Para já, o escritor diz a “a coisa é menos negra do que se pensa” e que todos os cidadãos europeus que estão no Reino Unido poderão ficar e, no seu caso em particular, como já chegou há mais de cinco anos, tem residência permanente, não precisa de pedir nacionalidade. “Curiosamente, estava a pensar nisso, mas agora mudei de ideia, porque, obviamente, não concordo com a decisão.”
Costa Pires diz estar triste por entender que o voto pelo Ficar não tenha ganhado devido “ao medo, racismo e ignorância das pessoas das pequenas cidades e aldeias. Londres, como incrível cidade que é, votou esmagadoramente a favor do Ficar”.
A democracia também é isto
“A democracia também é isto e cada país tem o direito de decidir o seu caminho”, diz Costa Pires, adiantando que a União Europeia terá que pensar bem naquilo que é, em como funciona e, certamente, vai melhorar diversos pormenores, provavelmente ser menos interventiva. “A ideia de uma união federalista e da criação de uma espécie de Estados Unidos da Europa não funciona porque as diferenças económicas, culturais e históricas entre os povos são grandes demais e, por isso, até pode ser interessante que a UE entenda agora que o caminho deve ser ajustado.
O Reino Unido terá desafios para enfrentar, como a eventual independência da Escócia, a desvalorização da Libra, uma quebra de turismo quando a livre circulação terminar e um forte sentimento anti-britânico que vai acontecer pela Europa fora, mas são consequências da escolha que tem que ser respeitada.”

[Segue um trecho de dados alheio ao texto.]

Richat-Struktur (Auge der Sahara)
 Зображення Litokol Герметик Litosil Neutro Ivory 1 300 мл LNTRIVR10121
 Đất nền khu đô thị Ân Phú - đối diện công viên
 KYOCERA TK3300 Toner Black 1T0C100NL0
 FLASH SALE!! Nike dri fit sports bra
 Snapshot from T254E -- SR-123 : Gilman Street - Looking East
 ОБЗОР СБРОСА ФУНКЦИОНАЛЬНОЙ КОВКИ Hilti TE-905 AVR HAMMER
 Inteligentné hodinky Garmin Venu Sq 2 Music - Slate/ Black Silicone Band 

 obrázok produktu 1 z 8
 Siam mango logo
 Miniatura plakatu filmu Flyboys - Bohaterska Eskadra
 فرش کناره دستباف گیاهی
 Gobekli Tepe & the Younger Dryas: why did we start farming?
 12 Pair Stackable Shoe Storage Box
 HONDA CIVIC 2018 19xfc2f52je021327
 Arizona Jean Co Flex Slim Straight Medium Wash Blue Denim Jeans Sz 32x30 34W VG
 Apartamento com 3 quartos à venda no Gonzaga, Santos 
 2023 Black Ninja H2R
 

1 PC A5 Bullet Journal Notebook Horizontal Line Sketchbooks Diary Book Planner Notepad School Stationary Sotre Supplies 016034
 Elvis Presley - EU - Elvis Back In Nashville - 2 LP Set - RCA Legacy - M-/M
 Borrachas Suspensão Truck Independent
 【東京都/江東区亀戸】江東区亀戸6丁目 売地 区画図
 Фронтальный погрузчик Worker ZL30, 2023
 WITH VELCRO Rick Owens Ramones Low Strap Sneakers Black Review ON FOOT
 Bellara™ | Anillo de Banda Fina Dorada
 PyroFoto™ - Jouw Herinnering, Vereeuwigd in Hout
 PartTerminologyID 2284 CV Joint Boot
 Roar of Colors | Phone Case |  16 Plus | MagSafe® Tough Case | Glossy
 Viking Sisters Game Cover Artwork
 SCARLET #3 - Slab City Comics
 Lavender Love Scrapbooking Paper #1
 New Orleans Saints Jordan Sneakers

Pouca Europa e muito barulho
Ao contrário do que se poderia pensar, o referendo sobre ficar ou deixar a União Europeia, quase não tocou os temas europeus. A maior parte dos temas abordados foram de soberania interna. Falou-se muito da imigração – a maior parte dos imigrantes vêm de fora da UE e de países da Commonwealth ou da sua esfera de influência – e falou-se da manutenção do Sistema Público de Saúde, que os adeptos da saída – que até ao referendo defendia a privatização - disseram estar em perigo por imposição de Bruxelas. O que não é verdade.
Mais temas que não foram debatidos no referendo: Euro, austeridade, Tratado Orçamental, desemprego e dívida soberana. Ao contrário do que boa parte dos britânicos acreditou, o Reino Unido não assinou o Tratado Orçamental, emite a sua moeda e gere a sua dívida com políticas monetárias mais próximas das dos EUA do que da própria UE.
Sim, o Reino Unido não pertence ao euro, a moeda é a libra, que hoje, dia 24 levou o maior tombo desde os anos 50, como já se previa.
E a austeridade levada a cabo no Reino Unido foi inteiramente da responsabilidade do Governo de Sua Majestade britânica. “O problema central nas ilhas britânicas, além da existência de muita xenofobia, racismo, extremismo e ignorância dos assuntos europeus é uma coisa chamada gold plating, isto é: quando o Governo toma medidas menos populares e quando o povo reclama, alega que são imposições de Bruxelas. Quando se faz isso muito tempo, e se tenta explicar ao tal povo ignorante dos assuntos europeus que, afinal, Bruxelas não é assim tão má e que até é o garante da qualidade de vida que tem, ninguém acredita. Obviamente”, explica Nuno Sousa, funcionário da Representação Portuguesa, na Comissão Europeia.
Que implicações futuras da saída do Reino Unido? A Escócia pode a partir de hoje escolher ser independente e a Irlanda pode escolher unificar-se e, no caso da primeira, voltar à UE. Mas isto não dará ideias reforçadas de independência à Catalunha? Obviamente. Vão ser dois anos de negociações e consequências curiosas. Poderá a UE sobreviver a isto? A ver vamos, como dizia o cego.